Problem requirements: Check each line of the records below for the word "Benz" and copy those where it appears.

——————

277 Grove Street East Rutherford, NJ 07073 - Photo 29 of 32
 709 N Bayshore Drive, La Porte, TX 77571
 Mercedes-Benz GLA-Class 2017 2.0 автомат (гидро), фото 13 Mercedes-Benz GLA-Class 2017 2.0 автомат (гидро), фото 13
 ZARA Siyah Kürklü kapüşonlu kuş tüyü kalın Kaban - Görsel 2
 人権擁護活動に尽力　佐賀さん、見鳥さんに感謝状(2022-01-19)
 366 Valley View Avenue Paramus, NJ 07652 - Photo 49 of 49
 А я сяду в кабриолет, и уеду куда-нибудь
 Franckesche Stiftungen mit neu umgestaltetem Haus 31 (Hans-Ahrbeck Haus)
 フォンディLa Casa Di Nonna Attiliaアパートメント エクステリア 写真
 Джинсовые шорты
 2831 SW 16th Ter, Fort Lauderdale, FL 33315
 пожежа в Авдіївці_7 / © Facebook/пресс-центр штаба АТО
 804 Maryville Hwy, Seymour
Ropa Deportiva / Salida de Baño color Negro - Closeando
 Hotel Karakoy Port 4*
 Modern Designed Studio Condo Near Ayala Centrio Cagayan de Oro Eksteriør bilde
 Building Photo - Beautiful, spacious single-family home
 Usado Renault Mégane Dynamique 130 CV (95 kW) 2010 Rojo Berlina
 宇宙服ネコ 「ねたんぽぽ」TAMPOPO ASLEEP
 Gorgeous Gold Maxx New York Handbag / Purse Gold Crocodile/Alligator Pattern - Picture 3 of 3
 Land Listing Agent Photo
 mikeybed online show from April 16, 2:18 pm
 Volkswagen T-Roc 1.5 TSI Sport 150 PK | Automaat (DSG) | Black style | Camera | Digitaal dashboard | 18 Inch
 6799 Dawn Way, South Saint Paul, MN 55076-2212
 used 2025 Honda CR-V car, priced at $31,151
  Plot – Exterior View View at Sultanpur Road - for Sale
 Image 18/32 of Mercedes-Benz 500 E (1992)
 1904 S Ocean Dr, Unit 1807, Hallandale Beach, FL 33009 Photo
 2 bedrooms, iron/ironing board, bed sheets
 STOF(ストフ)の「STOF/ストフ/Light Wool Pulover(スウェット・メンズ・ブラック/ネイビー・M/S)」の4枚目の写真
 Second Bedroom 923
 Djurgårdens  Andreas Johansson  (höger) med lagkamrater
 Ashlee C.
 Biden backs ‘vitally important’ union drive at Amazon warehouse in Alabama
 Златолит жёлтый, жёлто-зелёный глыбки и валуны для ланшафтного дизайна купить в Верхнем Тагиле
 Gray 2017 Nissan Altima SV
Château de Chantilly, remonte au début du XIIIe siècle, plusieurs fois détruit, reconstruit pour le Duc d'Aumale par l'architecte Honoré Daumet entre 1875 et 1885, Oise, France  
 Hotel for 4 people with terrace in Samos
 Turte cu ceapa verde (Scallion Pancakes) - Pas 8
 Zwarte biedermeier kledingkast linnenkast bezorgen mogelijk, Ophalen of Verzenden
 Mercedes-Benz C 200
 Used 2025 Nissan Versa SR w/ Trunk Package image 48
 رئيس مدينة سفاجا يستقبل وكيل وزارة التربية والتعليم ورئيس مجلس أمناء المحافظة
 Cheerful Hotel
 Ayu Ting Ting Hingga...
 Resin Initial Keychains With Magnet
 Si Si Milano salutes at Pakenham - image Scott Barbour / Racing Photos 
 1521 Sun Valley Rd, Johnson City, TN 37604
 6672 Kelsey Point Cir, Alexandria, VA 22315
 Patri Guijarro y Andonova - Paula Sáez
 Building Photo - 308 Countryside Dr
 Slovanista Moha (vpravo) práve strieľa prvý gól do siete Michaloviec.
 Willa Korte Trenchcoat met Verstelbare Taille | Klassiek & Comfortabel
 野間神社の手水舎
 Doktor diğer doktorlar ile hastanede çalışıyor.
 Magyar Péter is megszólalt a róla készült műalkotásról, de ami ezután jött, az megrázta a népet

——————

Response below:
 Mercedes-Benz GLA-Class 2017 2.0 автомат (гидро), фото 13 Mercedes-Benz GLA-Class 2017 2.0 автомат (гидро), фото 13
 Image 18/32 of Mercedes-Benz 500 E (1992)
 Mercedes-Benz C 200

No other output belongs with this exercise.